Problem to solve: Using the data that follows, output only the lines from the line with "35400 : Hyundai" up to and including the line with "Generadores de aire", exactly, leaving pictures aside.

Input data:
------------

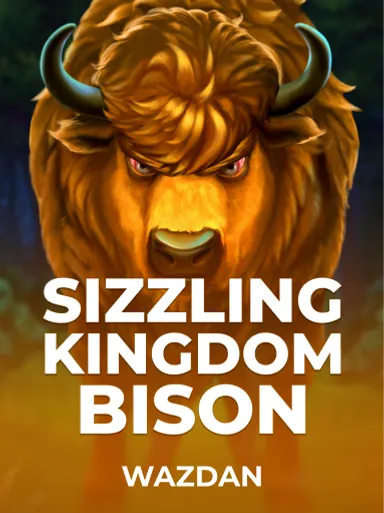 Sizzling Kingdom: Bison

------------

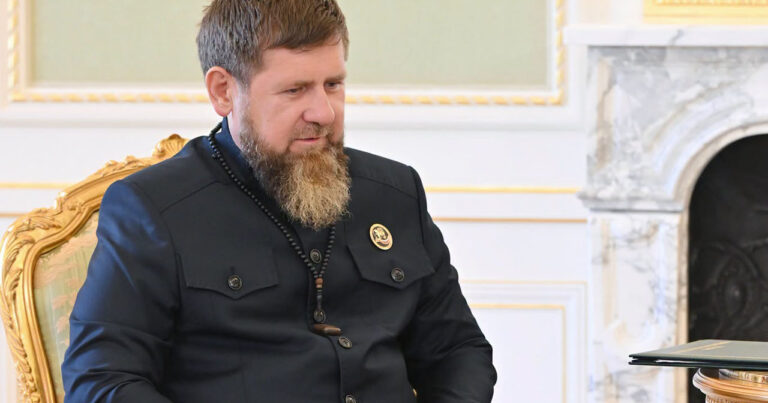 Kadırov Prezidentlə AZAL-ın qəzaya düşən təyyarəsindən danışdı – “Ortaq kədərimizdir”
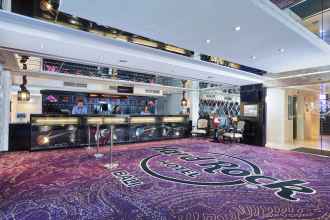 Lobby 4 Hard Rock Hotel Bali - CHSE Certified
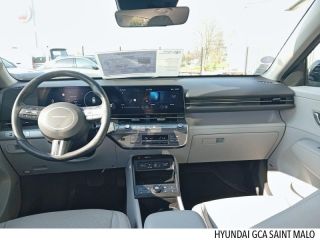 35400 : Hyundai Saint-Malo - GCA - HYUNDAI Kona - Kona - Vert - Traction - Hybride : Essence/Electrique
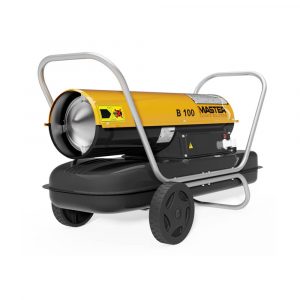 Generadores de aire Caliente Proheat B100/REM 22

------------

Answer to this task:
 35400 : Hyundai Saint-Malo - GCA - HYUNDAI Kona - Kona - Vert - Traction - Hybride : Essence/Electrique
 Generadores de aire Caliente Proheat B100/REM 22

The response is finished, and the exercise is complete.